• [What is expected]: Repeat the data word for word, excluding every picture.

• [Data block]:
··········

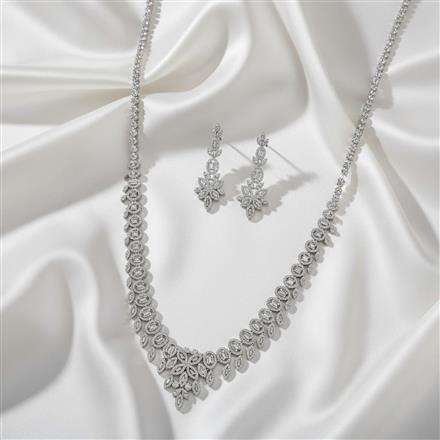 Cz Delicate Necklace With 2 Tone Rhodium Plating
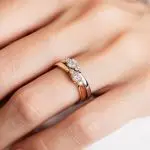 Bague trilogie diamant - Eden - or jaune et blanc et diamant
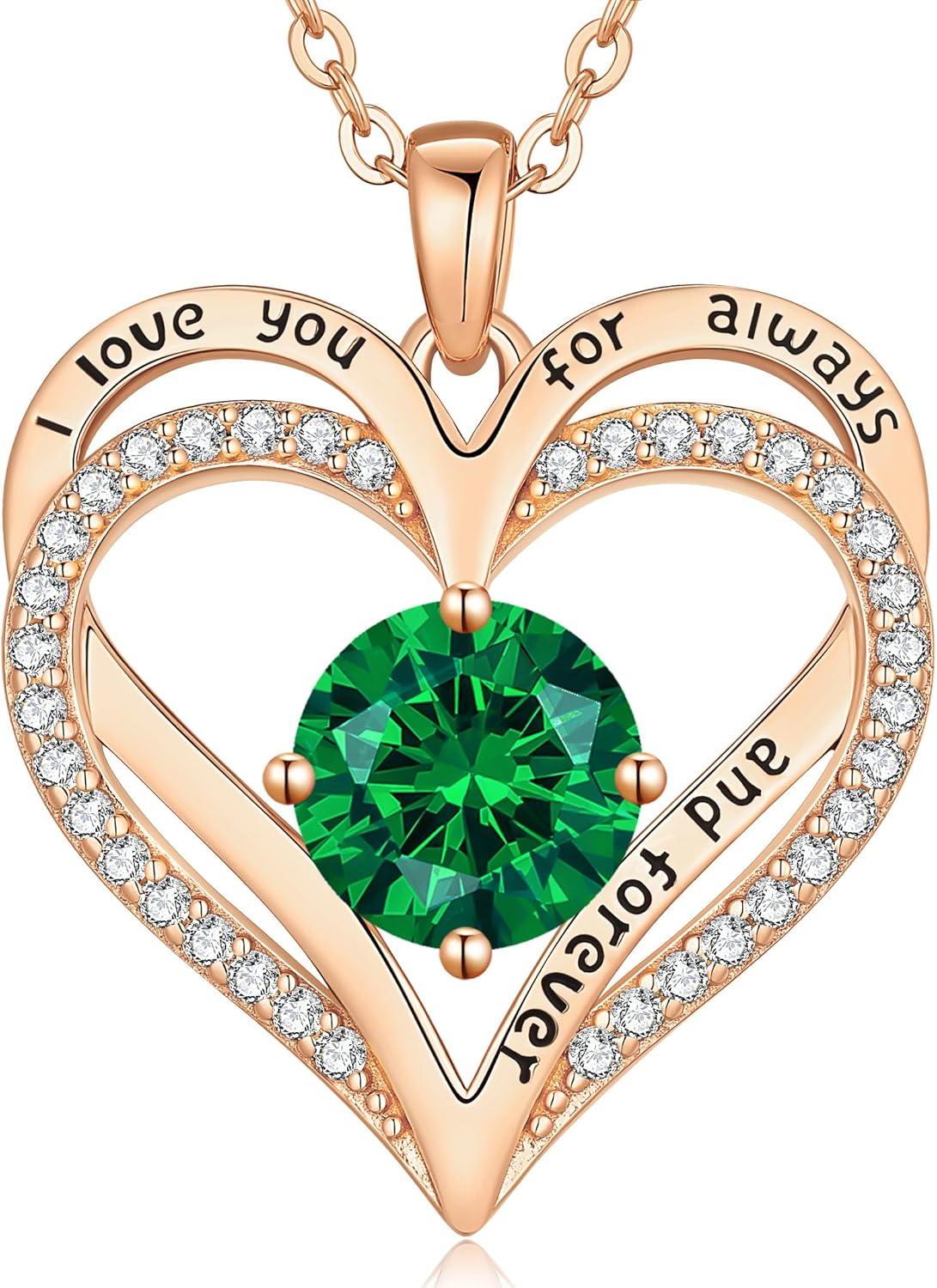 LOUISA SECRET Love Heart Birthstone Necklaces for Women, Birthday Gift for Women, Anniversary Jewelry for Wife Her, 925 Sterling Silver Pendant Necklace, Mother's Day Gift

··········

• [Task output]:
 Cz Delicate Necklace With 2 Tone Rhodium Plating
 Bague trilogie diamant - Eden - or jaune et blanc et diamant
 LOUISA SECRET Love Heart Birthstone Necklaces for Women, Birthday Gift for Women, Anniversary Jewelry for Wife Her, 925 Sterling Silver Pendant Necklace, Mother's Day Gift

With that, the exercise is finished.